Speed - The Rolls-Royce B81 was reported to be underpowered, especially compared to the later Leopard 1 tank, but when it was introduced, the HS.30 had a power-to-weight ratio in theory comparable with the M41 tank it was supposed to work with. But, according to a technical officer heard by the committee, the suspension on the front roadwheels was too weak to compensate the AFVs weight when going cross country and hitting ditches, causing the helical springs to break from the coilovers. As a result, drivers had to drive carefully, limiting the vehicle effectively to some 15–20 km/h (10-12.5 mph) off-road. Hispano-Suiza itself stated in the original requirements, that the Bundeswehr had called for 20 hp per ton, which would have been satisfied by a  engine on the initial 10 ton design, but the Ministry of Defence had asked for a thicker armor of 30 mm front and 20 mm on the sides, opted for a heavier armament package of 800 kg instead the original 200 kg and wanted a complete group of Panzergrenadiers as passengers, which made the vehicle longer and heavier.
Engine maintenance - the entire rear section of the HS.30 had to be pulled out of the vehicle to get full access to the engine, including the removal of both tracks, some 64 bolts and all connections, making it a time-consuming work, compared to more modern vehicles.
Disembarking - the infantry could exit the HS.30 using two large hatches on top, an escape hatch in the floor and, based on initial planning, a door on the back. That door did stay on the AFV, but it had become effectively unusable for troops, with the designers blocking the tunnel, between the door and troop compartment with engine related components. The remaining standard way to exit was to climb out on top and jump over the sides.
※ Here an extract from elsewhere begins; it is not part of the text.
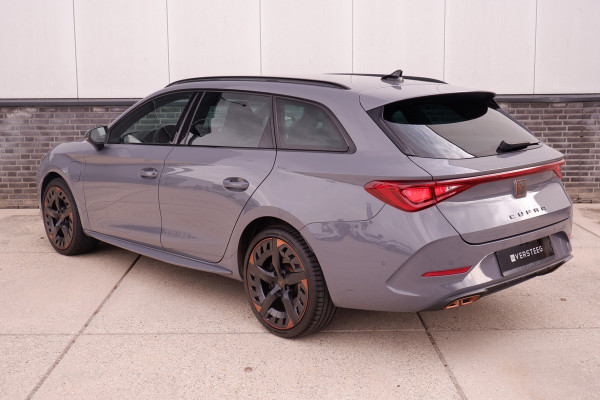 CUPRA Leon Sportstourer 1.4 e-Hybrid VZ 245PK | Sfeerverlichting | Camera | Carplay | LED |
This not only exposed soldiers to potential enemy fire, but was also dangerous because the tracks stood out from the hull.

Service 
The HS.30 AFV was introduced into the Bundeswehr in late 1959 but suffered from teething problems. The AFV was initially used to equip only individual battalions which co-existed in the 1960s with two other forms of Grenadier formations who were equipped with trucks or APCs.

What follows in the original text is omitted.